Amid the flurry, I keep wanting to write a post about my... feelings surrounding the current state of the space program, but so far it's been less emotionally taxing to focus on photographs, spacetweeps and related events.

If go and get all opinionated, I run the risk of realizing the biting political cartoons published of late are a little too scary-accurate:

Space Shuttle Cartoon


Space Shuttle Toon

Cheerful, huh? And now hot on the heels of the biting American political rhetoric, the chief of Roskosmos (Russian Federal Space Agency), Vladimir Popovkin, was quoted as saying, "The shuttles turned out to be expensive toys which havent justified the investment made in them."

So what guarantee do we have that the Shuttle's possible successors will be cost-effective, efficient, well-managed, safe and successful in the long-term for science, for manned space-flight and for the overall betterment of humanity? Well, none really.
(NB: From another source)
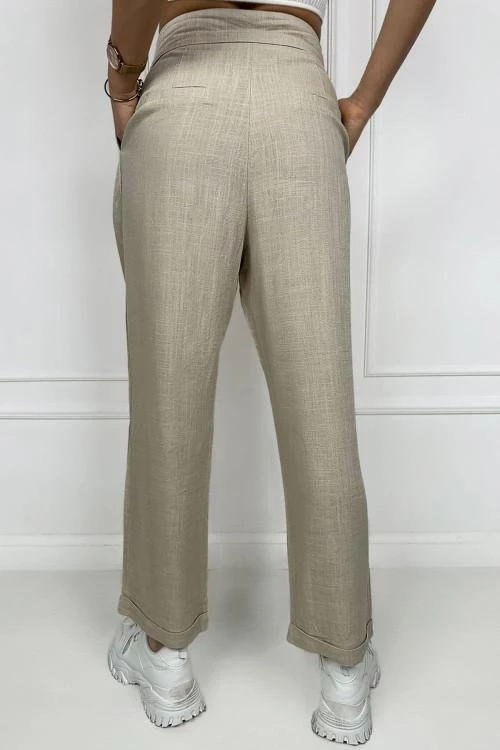 Women's trousers with asymmetric buttons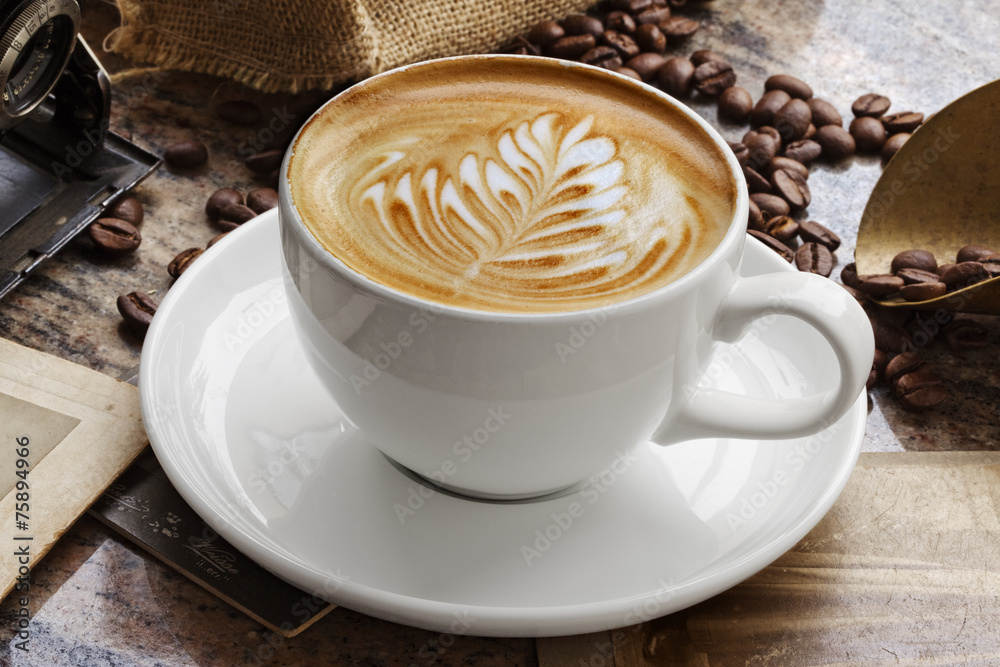 CAFFE LATTE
But quite a few companies have thrown their hats into the ring for a good try:

Space Shuttle Successors
BBC News picked the "Top 5" heirs to the Space Shuttle, short of someone shop-lifting a Russian Buran and considering it a fixer-upper.

CST-100 by The Boeing Company

Dragon Capsule by Space Exploration Technologies Corporation ("SpaceX")

Dream Chaser by Sierra Nevada Corporation

Multi-Purpose Crew Vehicle (MPCV) by Lockheed Martin Corporation

Secret (?) Space vehicle by Blue Origin LLC

And so I shall wrap up this month's Space Shuttle blog theme with some confirmations of the successes, sadness for the end and hope for the future. Time will tell if any of these crew and/or cargo potentials will become the Next Big Thing. Perhaps some other dark horse of the CCDEV (NASA's Commercial Crew Development Program) will come forward?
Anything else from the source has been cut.